2020 was a lot of things, most of them sombre. However, there is one positive way I believe we in the distribution grid sector can describe the year, as an inflection point.
In years to come, we may well look back on 2020 as the year when terms like “energy transition” and “digitalization” finally began to feel less like buzzwords and more like lived reality in our sector. With that in mind, let’s review what we learned and what changed last year; ask ourselves which changes were due to natural progression and which were down to the unique timbre of the year; and what we can hope and expect from 2021 as a result.
Through the worst of the pandemic, the lights did not go out, even when workforces were forcibly relocated to kitchen tables and were depleted by staff being sick or self-isolating. For that, distribution system operators (DSOs) are rightly proud.

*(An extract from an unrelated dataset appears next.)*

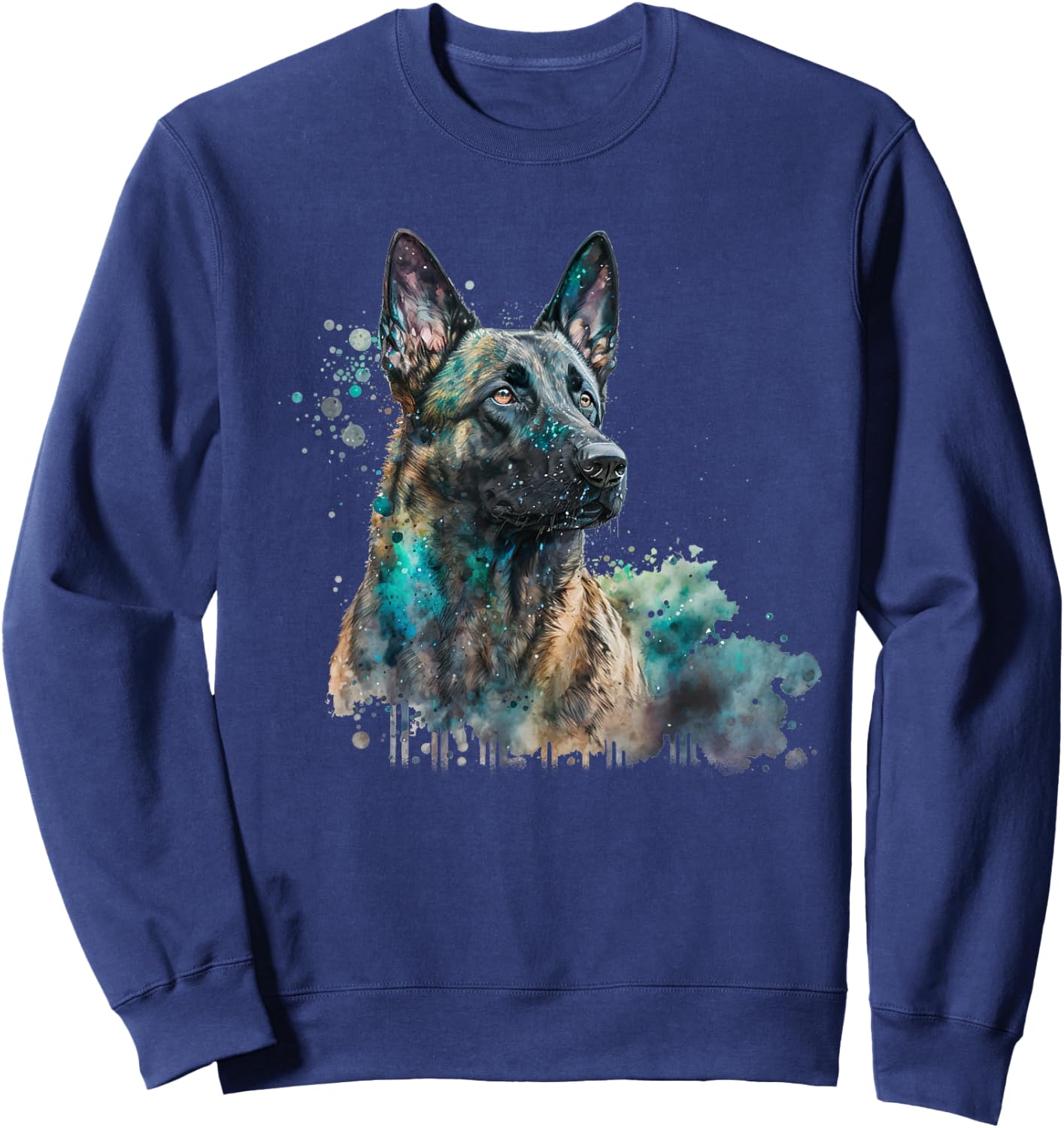 Watercolor splash dutchie hollandse herder dutch shepherd Sweatshirt - Sweatshirt | Navy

But not only did the sector keep the electrons flowing during these challenges, it also maintained its forward momentum. The energy transition never halted. Electric vehicles (EVs) continued to win market share, solar photovoltaic panels continued to be installed, and DSOs continued to execute their digitalization plans. While world leaders may have been forced to call off COP 26, the engineers and programmers on the ground doing the hard yards of rethinking the energy system carried on much as before.
When I spoke to DSOs seven or eight years ago, these trends could not be taken for granted. You had to make the case that transition and digitalization were coming or that EVs would take off, before you could start a conversation on what those plans might be. Two or three years ago, those arguments were generally accepted but still often seen as a problem for the future. By the time 2020 arrived though, almost all DSOs had accepted the direction of travel and a need to plan ahead.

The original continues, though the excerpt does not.